Hadassah
Copyright© 2012 by Robert McKay
Chapter 1
We named her Hadassah. It's an odd name, we knew, but we were reading in the book of Esther when she was born, and we both loved that name, Esther's original name, the one her parents gave her, and so we named our daughter Hadassah Ruth Garvin – Ruth, for another favorite person in the Bible. We named her Hadassah, and she grew up like that name – limber and sweet and mysterious, with just the slightest lisp to her speech that gave her sibilants the sound of extra significance.

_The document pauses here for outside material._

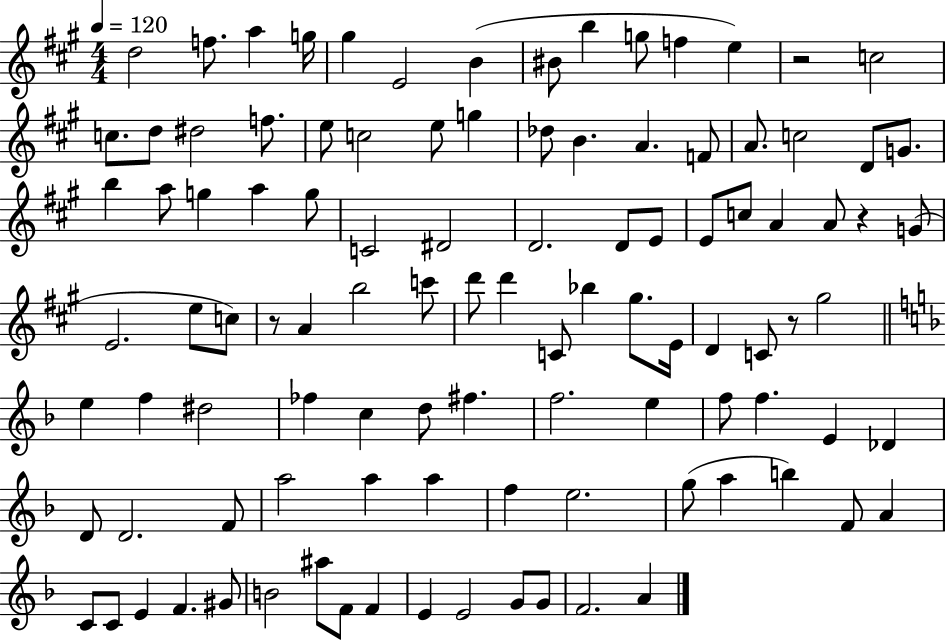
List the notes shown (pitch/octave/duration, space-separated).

The name fit the day of her birth, too. It was early September, but a bright warm day, with a gentle breeze moving the branches of the trees as I escorted my wife to the car. Somewhere in the neighborhood a lawn mower was running, and I could smell the mingling of freshly cut grass and gasoline exhaust on the air.
We named her Hadassah, which proved to fit her very well, and we brought her up in church, and did our best to teach her the ways of the Lord. She studied the Scriptures in Sunday School, she was with us for the sermons from the first, and we regularly read to her from the Bible and explained to her what it meant. When she was seven she made a profession of faith, and when after a year we'd seen what we considered good evidence of a genuine conversion, we brought her to the elders of the church, who examined her gently and confirmed her readiness for baptism. And that year on July 20 she went down the steps into the baptistery, and emerged dripping wet and shining with joy.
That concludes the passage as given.